──────── Records for the exercise ────────

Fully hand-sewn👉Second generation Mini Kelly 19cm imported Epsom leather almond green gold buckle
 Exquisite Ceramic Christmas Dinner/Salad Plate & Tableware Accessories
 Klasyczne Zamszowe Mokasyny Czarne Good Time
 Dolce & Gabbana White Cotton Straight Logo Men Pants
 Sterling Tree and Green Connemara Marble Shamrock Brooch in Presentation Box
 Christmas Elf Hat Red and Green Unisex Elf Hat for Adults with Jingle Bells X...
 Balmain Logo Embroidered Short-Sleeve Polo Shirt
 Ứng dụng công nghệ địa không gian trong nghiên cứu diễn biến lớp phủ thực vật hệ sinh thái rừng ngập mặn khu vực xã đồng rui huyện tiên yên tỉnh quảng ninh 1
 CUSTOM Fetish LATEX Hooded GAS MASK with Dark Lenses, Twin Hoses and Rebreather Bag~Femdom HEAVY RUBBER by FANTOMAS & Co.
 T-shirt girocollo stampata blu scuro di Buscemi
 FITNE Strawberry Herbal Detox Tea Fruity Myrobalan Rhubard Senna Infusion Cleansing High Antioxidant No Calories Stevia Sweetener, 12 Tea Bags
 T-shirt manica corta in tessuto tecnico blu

────────

What is being asked: Write all the entries out again exactly as they are.

Output below:
Fully hand-sewn👉Second generation Mini Kelly 19cm imported Epsom leather almond green gold buckle
 Exquisite Ceramic Christmas Dinner/Salad Plate & Tableware Accessories
 Klasyczne Zamszowe Mokasyny Czarne Good Time
 Dolce & Gabbana White Cotton Straight Logo Men Pants
 Sterling Tree and Green Connemara Marble Shamrock Brooch in Presentation Box
 Christmas Elf Hat Red and Green Unisex Elf Hat for Adults with Jingle Bells X...
 Balmain Logo Embroidered Short-Sleeve Polo Shirt
 Ứng dụng công nghệ địa không gian trong nghiên cứu diễn biến lớp phủ thực vật hệ sinh thái rừng ngập mặn khu vực xã đồng rui huyện tiên yên tỉnh quảng ninh 1
 CUSTOM Fetish LATEX Hooded GAS MASK with Dark Lenses, Twin Hoses and Rebreather Bag~Femdom HEAVY RUBBER by FANTOMAS & Co.
 T-shirt girocollo stampata blu scuro di Buscemi
 FITNE Strawberry Herbal Detox Tea Fruity Myrobalan Rhubard Senna Infusion Cleansing High Antioxidant No Calories Stevia Sweetener, 12 Tea Bags
 T-shirt manica corta in tessuto tecnico blu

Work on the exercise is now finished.